To make the area more economically
competitive, the university has taken on
uncommon and audacious roles, beginning
not with entering freshmen, but with
elementary-school children; training local
teachers in such areas as math and science;
recruiting high-performing high school
graduates to attend the university; nudging
its own students toward programs that
meet the needs of local business—information,
finance, science and technology,
healthcare and social services; and working
to attract bachelor’s degree holders
from other states by beefing up its graduate-
level offerings and enrollment, in a
“brain-gain” strategy meant to reverse
Kentucky’s brain drain by attracting some
8,600 college graduates from outside the
region by 2020.
Lots of taxpayer-supported universities
mumble about contributing to economic
development but don’t follow through—a
survey of American Association of State
Colleges and Universities presidents and
chancellors found that fewer than half
believe their schools are closely linked to
their communities. But NKU is making a
name for itself by adding programs in such
eminently practical disciplines as entrepreneurship
and information technology
management, opening a Center for Civic
Engagement, even making faculty hiring,
tenure and promotion contingent on community
service along with teaching and
research.
“Regions that make talent a central
priority are anchored by high-performing
universities that not only nurture talent in
their classrooms and laboratories but also
apply their knowledge to advance regional
economic and social progress,” asserts the
school’s strategic plan, which was the subject
of a case study at the Harvard
Graduate School of Education. “They are
stewards of their regions.”
NKU was singled out by George W.
Bush as an example of how public universities
can be partners in economic competitiveness
with businesses and civic institutions.
It was one of 13 universities that
helped the Carnegie Foundation for the
Advancement of Teaching to devise a voluntary higher education classification of
“community engaged,” and was one of 76
institutions ultimately granted that distinction.

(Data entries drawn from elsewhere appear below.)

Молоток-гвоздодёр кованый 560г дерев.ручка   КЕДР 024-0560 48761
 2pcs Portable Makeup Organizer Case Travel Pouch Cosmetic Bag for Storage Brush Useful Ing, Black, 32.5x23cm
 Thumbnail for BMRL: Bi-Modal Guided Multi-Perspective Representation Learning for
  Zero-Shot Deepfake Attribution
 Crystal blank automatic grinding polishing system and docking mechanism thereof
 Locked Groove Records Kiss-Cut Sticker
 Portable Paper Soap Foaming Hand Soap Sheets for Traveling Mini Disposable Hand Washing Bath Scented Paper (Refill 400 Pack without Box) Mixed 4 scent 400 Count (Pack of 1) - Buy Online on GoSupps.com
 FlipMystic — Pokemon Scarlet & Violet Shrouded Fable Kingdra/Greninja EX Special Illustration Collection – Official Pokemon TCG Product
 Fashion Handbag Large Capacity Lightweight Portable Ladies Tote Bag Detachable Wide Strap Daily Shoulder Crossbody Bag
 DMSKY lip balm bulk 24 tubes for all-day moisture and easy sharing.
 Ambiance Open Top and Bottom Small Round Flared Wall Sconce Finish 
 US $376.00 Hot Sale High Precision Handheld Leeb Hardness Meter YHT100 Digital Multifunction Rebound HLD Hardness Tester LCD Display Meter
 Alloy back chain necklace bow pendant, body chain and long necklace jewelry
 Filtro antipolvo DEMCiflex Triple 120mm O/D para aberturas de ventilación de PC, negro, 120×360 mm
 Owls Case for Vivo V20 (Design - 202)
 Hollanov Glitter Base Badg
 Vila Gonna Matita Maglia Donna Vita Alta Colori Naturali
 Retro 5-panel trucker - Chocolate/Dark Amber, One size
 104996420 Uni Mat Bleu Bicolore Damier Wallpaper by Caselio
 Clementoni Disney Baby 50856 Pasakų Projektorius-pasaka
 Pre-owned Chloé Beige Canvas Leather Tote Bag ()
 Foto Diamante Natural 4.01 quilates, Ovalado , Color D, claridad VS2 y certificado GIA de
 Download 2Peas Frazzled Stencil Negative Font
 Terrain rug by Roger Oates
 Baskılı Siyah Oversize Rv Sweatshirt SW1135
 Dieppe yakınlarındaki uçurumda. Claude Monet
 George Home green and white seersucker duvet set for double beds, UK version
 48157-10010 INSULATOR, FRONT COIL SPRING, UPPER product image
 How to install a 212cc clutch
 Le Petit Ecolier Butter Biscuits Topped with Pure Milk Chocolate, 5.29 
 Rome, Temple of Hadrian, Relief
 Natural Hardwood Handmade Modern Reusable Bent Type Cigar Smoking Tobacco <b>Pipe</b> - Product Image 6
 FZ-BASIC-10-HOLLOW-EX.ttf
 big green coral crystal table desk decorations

Noting that its new arena “testifies to
the university’s growing prominence in the
economy of this region,” the Cincinnati
Enquirer lauded NKU as a major local
asset—this at a time when many other universities
have yet to lower the fences that
divide them from their neighborhoods.
Votruba chaired an AASCU task force on
public engagement (it found, among other
things, that most universities were more
concerned with adding programs, faculty,
and buildings than contributing to local
social or economic well being) and delivered
the annual AASCU President-to-
Presidents lecture on the topic, “Leading
the Engaged University.” He has been
nicknamed “the mayor of Northern
Kentucky” and was ranked the region’s
eighth most influential person by
Cincinnati Magazine.
Northern Kentucky seems a fertile
place for such collaboration. Mediumsized
metropolitan areas like greater
Cincinnati are attractive to business, with
low costs of living (Cincinnati’s is fully ten
percent below the national average, and
its housing prices 20 percent below), and
with services employers need, including
law firms and advertising agencies—without
the unions and big-city social problems
businesses don’t want. Cincinnati is
already home to major companies, including
Procter & Gamble, May Department
Stores, and Fidelity
Investments’ largest branch outside
its Boston headquarters. Its
new football and baseball stadiums
for the Bengals and the
Reds huddle up to the Ohio
River, which divides Ohio from
Kentucky. The area also has
creditable cultural activities, and
boasts a less-than-24-minute
average commute, one of the
fastest in the country—an odd
thing to promote, it seems, until
you experience the unaccustomed
bliss of coasting through a
weekday rush hour without ever
stepping on the brakes.
There are also significant
challenges. The percentage of
people with bachelor’s degrees in
northern Kentucky is as low as
ten percent in the western fringes
of the university’s service area,
far short of the national average
of 27 percent. In some districts,
the high school graduation rate
sags below 62 percent. Per-capita
income is $28,513, putting
Kentucky 43rd among the 50 states. The
population is aging, as 25- to 34-year-olds
move away in search of higher-paying
jobs. Rural Kentucky remains largely agricultural,
and what industry does exist is
singularly vulnerable to larger economic
shifts. Kentucky is fourth in the United
States in the number of cars and trucks
assembled, for example, and also makes
car parts and jet engines, at a time when
demand for those things is drying up.
The story of NKU is a cautionary tale
in other ways, too. The university’s community-
engagement crusade has stumbled
against impediments both practical and
cultural. For one thing, setting goals risks
falling short of them when resources fail to
keep pace, as they did here even before the
current economic crisis. Kentucky’s
higher education system
got a surge of cash when it was
overhauled under the groundbreaking
Postsecondary Improvement
Act of 1997, more commonly
called House Bill 1, the goal of
which was to increase enrollment
and improve standards.
But budget shortfalls threaten
to erode any gains. The state allocation
for public universities had
already been cut by $23 million
last year when it was learned it
would be slashed by $41 million
more. Now state tax revenue is
projected to decline by yet another
$900 million this year and next,
out of a budget of $20 billion. The
governor already has proposed
reducing higher education funding
by another 12 percent, putting
even more of the burden on
tuition, which now accounts for
nearly two-thirds of NKU’s operating
budget, and has been rising
steeply.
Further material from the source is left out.